Awestruck, the physicists watched what they had wrought. The date, 16 July 1945 at sunrise, when the sun came down to earth--the first atomic bomb blast imploded from"The Gadget" atop the one-hundred foot high tower. The site, a place called Trinity on desert sands, not far from Alamogordo, New Mexico, where this blue Earth's Atom Age began. It would end World War Two, so devastating a conflict that it should be known as Armageddon.

No wonder the scientists of Los Alamos, who had been secluded there under the direction of J. Robert Oppenheimer could scarcely believe their senses. For what they were witnessing had never been seen before--at least not on planet earth. Beginning with the blinding flash (at least without protective welder's goggles), the unfolding in only seconds into a cloud with power (and with an intense heat--hotter, in fact, than that at the depth of the sun), which had vaporized the tower and turned the sand at its base and roundabout to glass, known to this day as the"pearls of Trinity," it soon became an enormous mushroom-shaped inferno, reaching a height of 35,000 feet--a mile in diameter. The whole brought to the stunned mind of Oppenheimer a few words from the Bhagavad-Gita, the great Hindu scripture, wherein Vishnu says:"I am become Death, the destroyer of worlds."

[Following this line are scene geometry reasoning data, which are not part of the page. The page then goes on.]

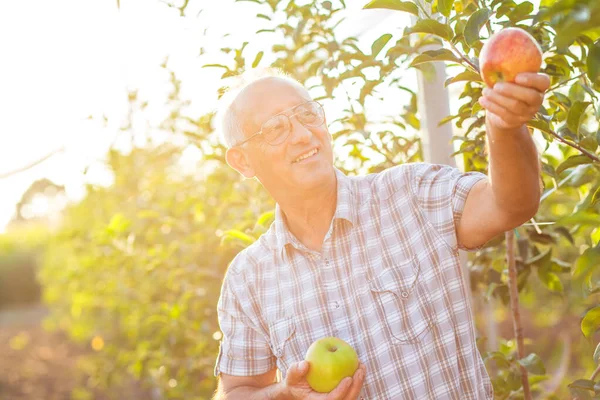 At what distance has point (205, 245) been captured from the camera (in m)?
3.43

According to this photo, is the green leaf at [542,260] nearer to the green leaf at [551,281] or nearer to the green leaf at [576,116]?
the green leaf at [551,281]

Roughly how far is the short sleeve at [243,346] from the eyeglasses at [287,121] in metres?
0.49

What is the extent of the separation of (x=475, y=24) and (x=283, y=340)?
3.34 feet

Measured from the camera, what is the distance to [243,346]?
2029mm

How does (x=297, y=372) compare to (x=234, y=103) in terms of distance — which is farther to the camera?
(x=234, y=103)

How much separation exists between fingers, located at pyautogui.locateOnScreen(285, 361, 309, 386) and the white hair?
0.79 m

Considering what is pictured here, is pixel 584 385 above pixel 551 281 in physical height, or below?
below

Indeed the next two atomic bomb detonations at Hiroshima and Nagasaki on the main island of Japan, August 6 and 9, 1945, did bring death and the destruction of one world at least--the Japanese Imperial Empire under Hirohito. For both cities were practically leveled with hundreds of thousands of the unsuspecting populations perishing. At Hiroshima, with only the Enola Gay (and, if memory serves me correctly), but one other B-29 in the sky above, no one below had bothered to seek shelter when the alarm sounded. Much the same thing happened three days later at Nagasaki. And, it certainly must be added--a lingering death awaited many others from radiation sickness against which there was at the time little or no effective treatment. So that within five years of the blast above Hiroshima the death toll had reached 200,000.

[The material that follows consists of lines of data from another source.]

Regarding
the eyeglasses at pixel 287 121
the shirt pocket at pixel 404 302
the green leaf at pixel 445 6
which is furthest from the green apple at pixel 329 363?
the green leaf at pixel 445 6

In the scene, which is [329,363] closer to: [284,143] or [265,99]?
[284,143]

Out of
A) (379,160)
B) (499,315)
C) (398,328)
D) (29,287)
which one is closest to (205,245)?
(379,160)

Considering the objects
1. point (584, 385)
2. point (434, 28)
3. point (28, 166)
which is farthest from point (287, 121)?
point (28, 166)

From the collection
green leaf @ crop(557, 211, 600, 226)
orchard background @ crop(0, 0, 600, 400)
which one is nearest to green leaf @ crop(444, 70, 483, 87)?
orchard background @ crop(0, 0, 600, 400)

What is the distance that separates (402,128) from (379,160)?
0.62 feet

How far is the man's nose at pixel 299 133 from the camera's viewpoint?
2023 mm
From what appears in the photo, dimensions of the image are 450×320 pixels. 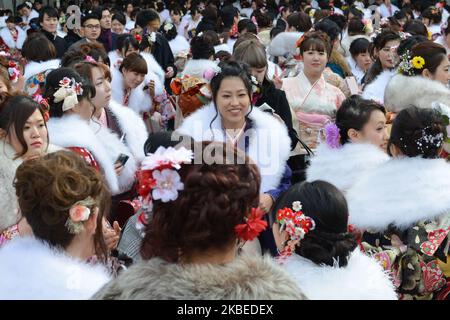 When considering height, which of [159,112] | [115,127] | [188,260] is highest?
[188,260]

Worth remembering to this day though, and for the future, the atomic bomb, terrible weapon though it was, did finally conclude the six years (1939-1945) of World War Two--to be recognized by all as the most horrendous half-dozen years in mankind's history, which included the Holocaust against the Jewish people, nothing like the sum total of which must ever be allowed to happen again. And, one should never forget either, the Germans made an unsuccessful effort to develop the atomic bomb before the Allies. A talented group of scientists under the guidance of the brilliant physicist Werner Heisenberg had been gathered together for the purpose.

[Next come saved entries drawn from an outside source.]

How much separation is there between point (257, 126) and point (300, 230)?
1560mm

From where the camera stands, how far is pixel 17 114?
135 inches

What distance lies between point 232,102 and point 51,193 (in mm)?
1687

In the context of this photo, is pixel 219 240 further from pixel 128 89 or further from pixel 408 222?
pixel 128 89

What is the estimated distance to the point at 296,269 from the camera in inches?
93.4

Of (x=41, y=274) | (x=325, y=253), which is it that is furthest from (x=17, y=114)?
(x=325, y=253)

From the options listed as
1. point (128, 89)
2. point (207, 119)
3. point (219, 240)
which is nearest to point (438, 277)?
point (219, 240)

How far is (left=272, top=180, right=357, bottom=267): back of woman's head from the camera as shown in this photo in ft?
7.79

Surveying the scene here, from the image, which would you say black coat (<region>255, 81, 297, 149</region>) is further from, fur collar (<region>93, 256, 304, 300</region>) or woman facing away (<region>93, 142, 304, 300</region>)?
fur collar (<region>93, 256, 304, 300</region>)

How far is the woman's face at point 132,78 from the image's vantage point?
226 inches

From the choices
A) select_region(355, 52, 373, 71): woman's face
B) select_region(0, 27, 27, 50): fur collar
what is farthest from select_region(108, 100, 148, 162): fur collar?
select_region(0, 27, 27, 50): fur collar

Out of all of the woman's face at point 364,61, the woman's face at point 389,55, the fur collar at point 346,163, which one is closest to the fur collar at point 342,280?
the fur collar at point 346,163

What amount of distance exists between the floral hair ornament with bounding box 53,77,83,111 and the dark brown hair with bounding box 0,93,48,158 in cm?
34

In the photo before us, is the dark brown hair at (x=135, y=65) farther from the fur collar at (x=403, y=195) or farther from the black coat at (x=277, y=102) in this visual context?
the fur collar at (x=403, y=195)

Imagine, if you will, the fate of the world if the Third Reich, under the megalomaniac Adolf Hitler, not to mention the likes of Heinrich Himmler, head of the infamous S. S., had acquired nuclear weapons before us? The thought alone is enough to"shiver" the spine. But, mercifully for all humanity, that thought never became"father to the deed." For, after the Germans surrendered unconditionally on 8 May 1945, the Japanese followed suit the same year, in Tokyo Bay, aboard the wide deck of the greatest battleship ever built, the U. S. S. Missouri, affectionately called the"Mighty Mo," not long since anchored as a war memorial in the now peaceful waters of Pearl Harbor.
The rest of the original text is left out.